Collection of Benthic macro-invertebrates

The shallow locations (less than 1 m) of river were selected for the study of benthic macro-invertebrates.

The sampling sites were located at upstream, within the urban area and downstream, as done in case of water samples. The sampling sites at upstream represent the reference or control in all cases. In order to carry out comparison of macro-invertebrate communities attempts were made to choose similar habitat features (similar bottom substrate, depth and flow velocity) for all sampling sites. The substrate chosen contained mainly gravel, cobbles, sand and clay. The substrate samples were analysed to find out its contents.

A simple random sampling was done in all the stations for collection of benthic macro-invertebrates. The random sampling was also carried out in different substrates, current velocities, depth and temperature to cover the density of benthic macro-invertebrates. Three replicate sampling units per sampling site were carried out during each period. The Surber or Square foot stream bottom sampler was used to collect benthic macro-invertebrates. The overall method of sampling, as described in APHA (2005) was followed.

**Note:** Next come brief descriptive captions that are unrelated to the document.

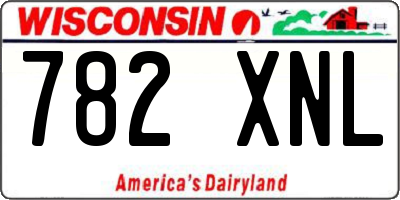 WI license plate 782XNL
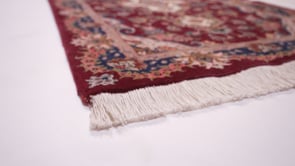 Persian Rug Tabriz Handmade Runner Traditional 2'10"x16'6" (3x17) Red Naghsh Floral Design #35938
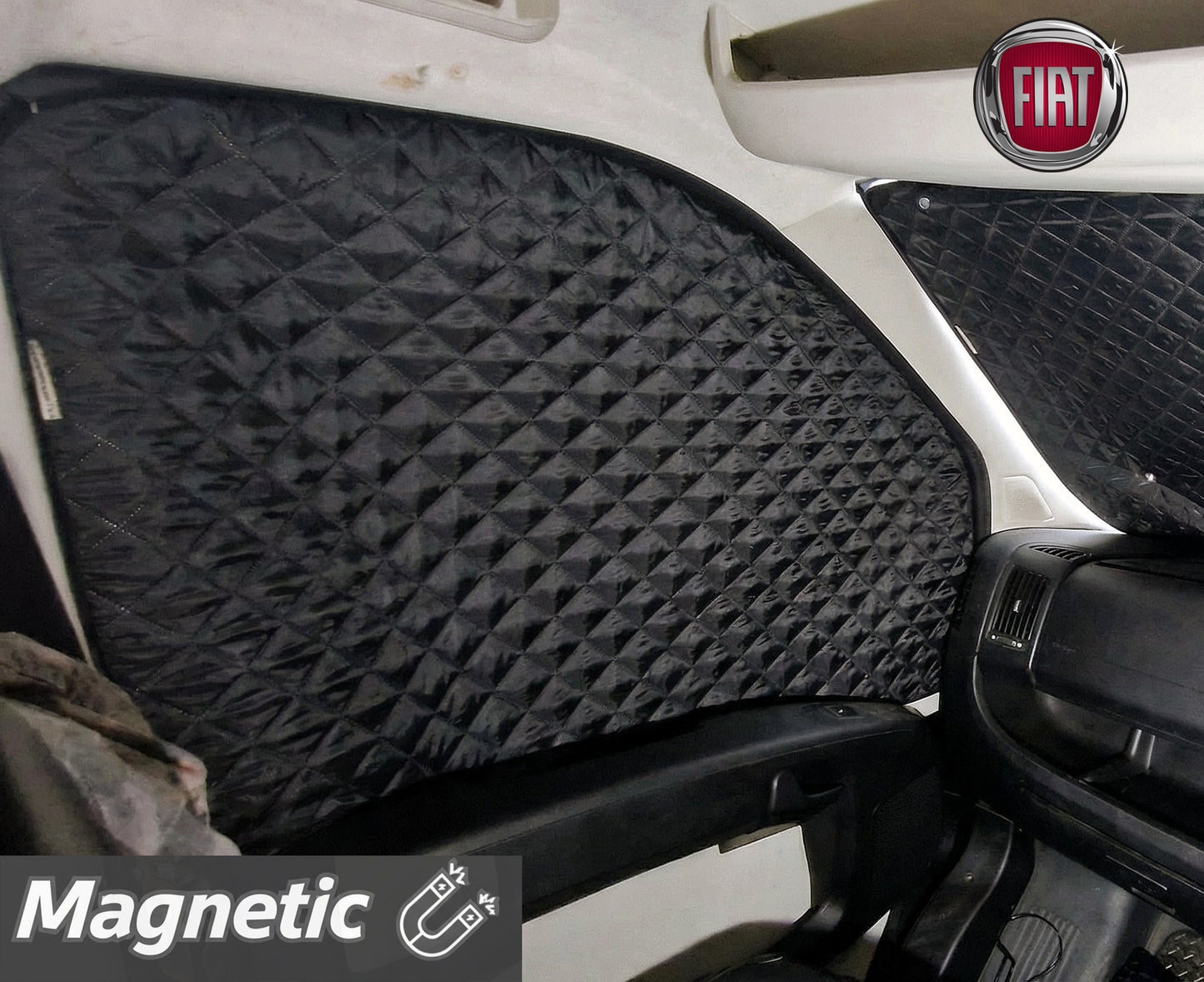 Fiat Ducato Thermal Blinds–Windscreen & Magnetic Driver &Passenger Door Covers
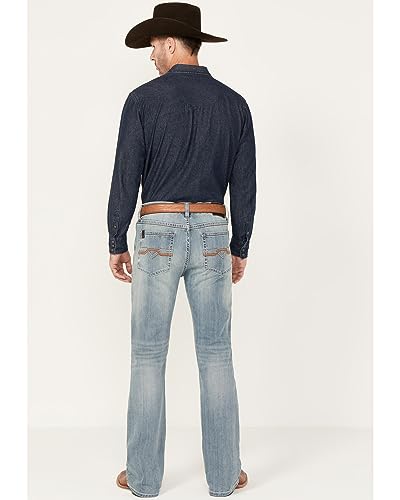 Cody James Rank 45 Men's 45&Reg; Scoreline Wash Trigger Slim Bootcut 4-Way Performance - CCSP20J12 36W x 32L US Blue3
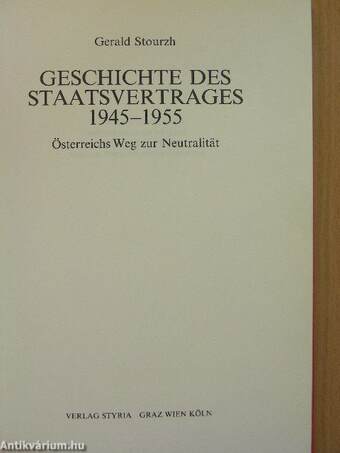 Geschichte des Staatsvertrages 1945-1955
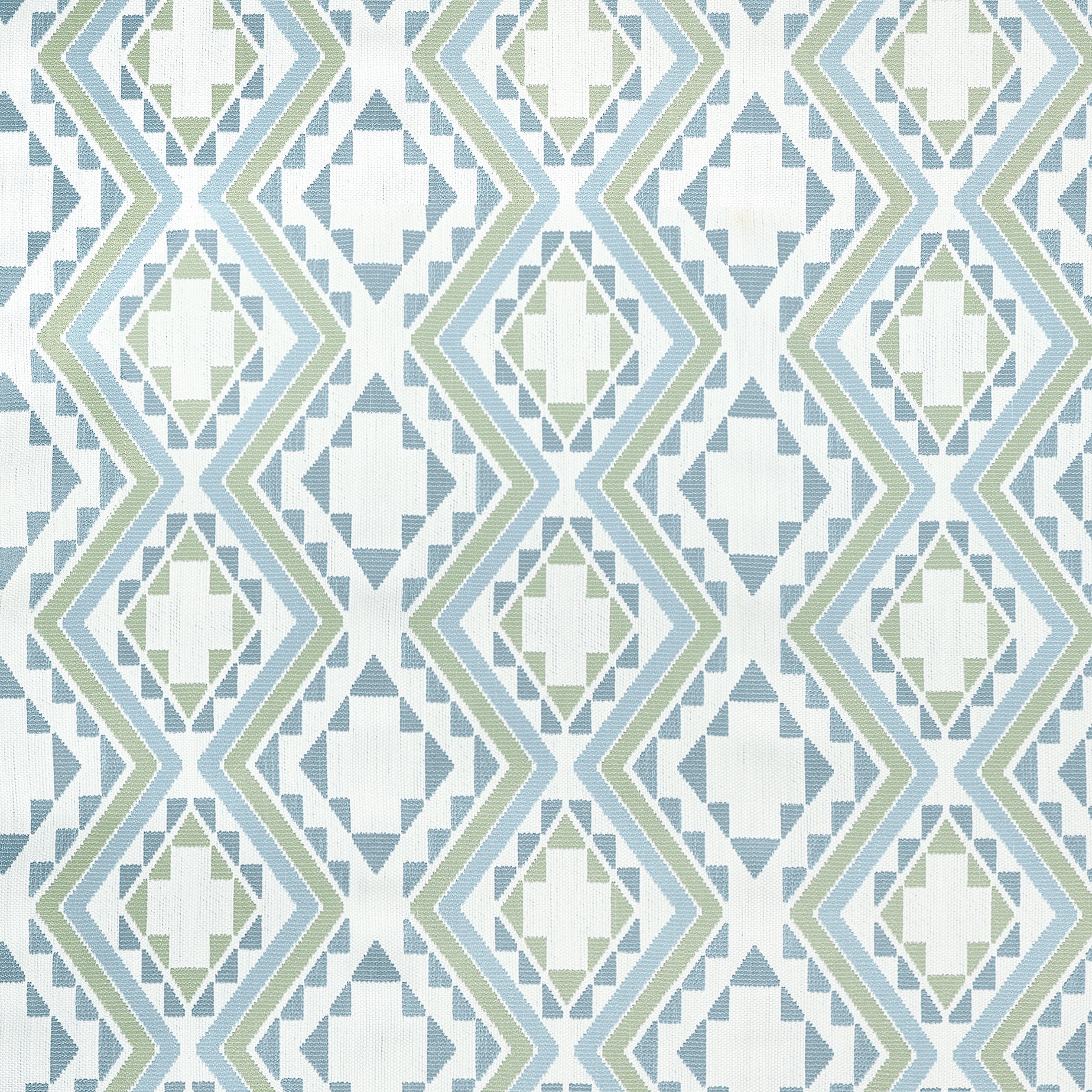 Sagamore fabric in aloe and mineral color - pattern number W711111 - by Thibaut in the Acadia collection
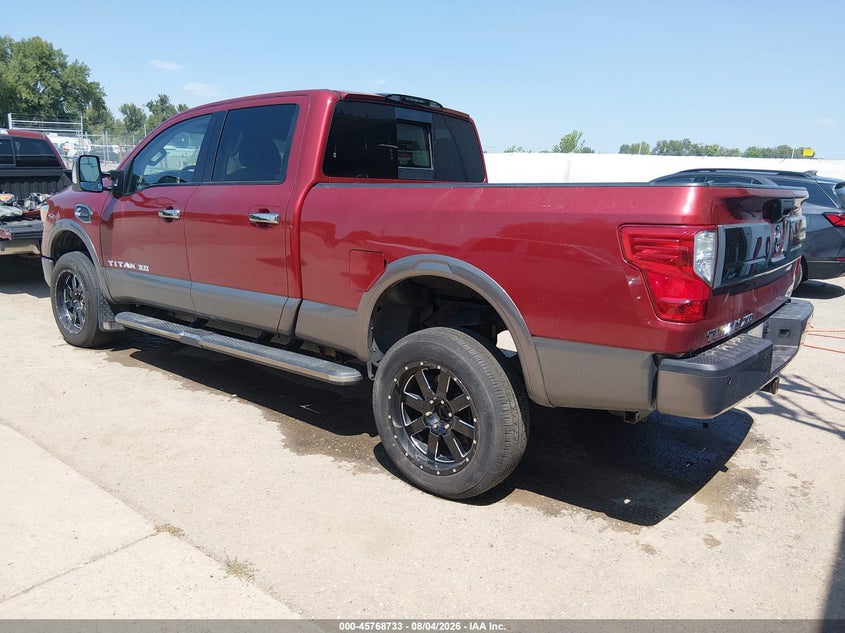 Vin: 1n6ba1f48gn513240, lot: 46267482, nissan titan xd platinum reserve diesel 20163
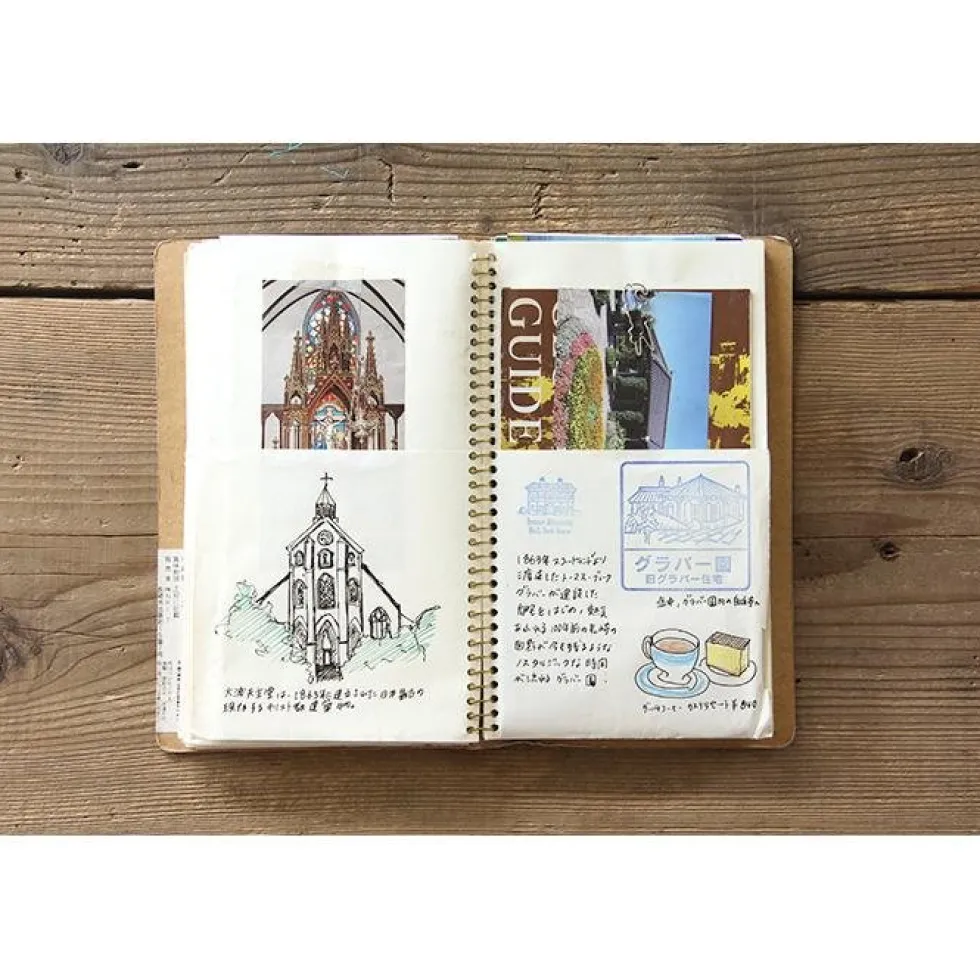 Spiral Ring Notebook A5 Slim Paper Pocket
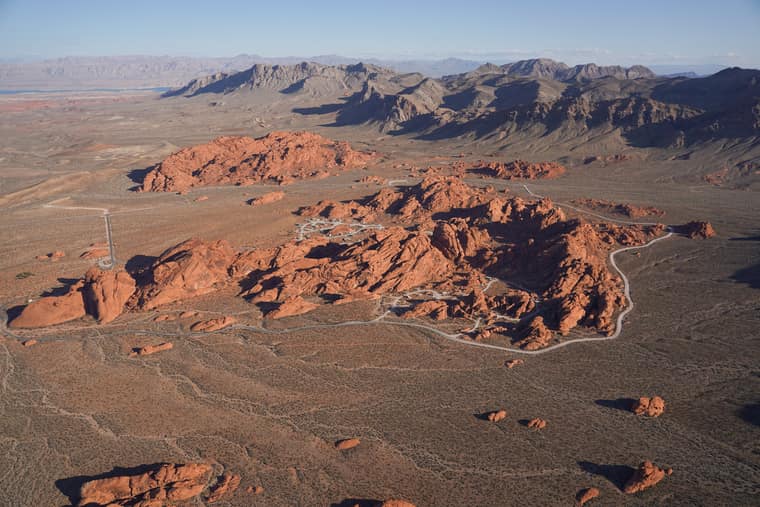Flying In An Open Door Helicopter From Las Vegas To Valley Of Fire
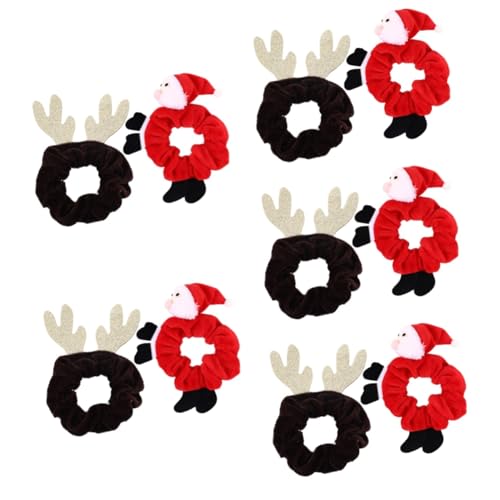 Scrunchies festifs de Noël Baluue accessoire coiffure réveillon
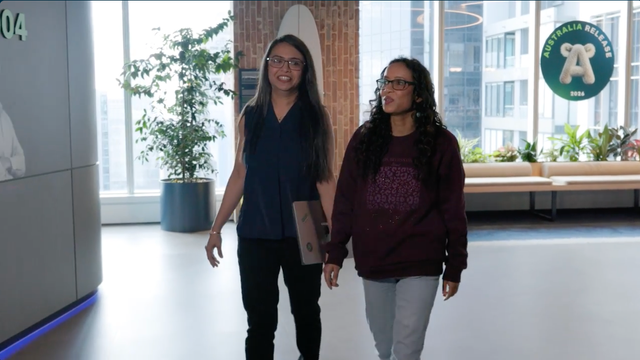 ServiceNow employees Shailja P. and Amity J.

For sampling the sampler was positioned securely at the bottom of the shallow river with net portion facing downstream. When the sampler was in place, all stones and gravels inside the frame were carefully hand rubbed to dislodge organisms clinging to them. All gravels and sand were thoroughly stirred to a depth of 5cm to dislodge bottom dwelling organisms. The organisms were collected from the net by inverting it into sample container. The sampler net was rinsed after every use. The organisms were taken out from the net and preserved in 70% ethanol. The soft bodied animals like annelid (oligochaetes) were first kept in 5 to 10% buffed formalin for some time and then transferred to 70% ethanol. This is done to prevent constriction during preservation.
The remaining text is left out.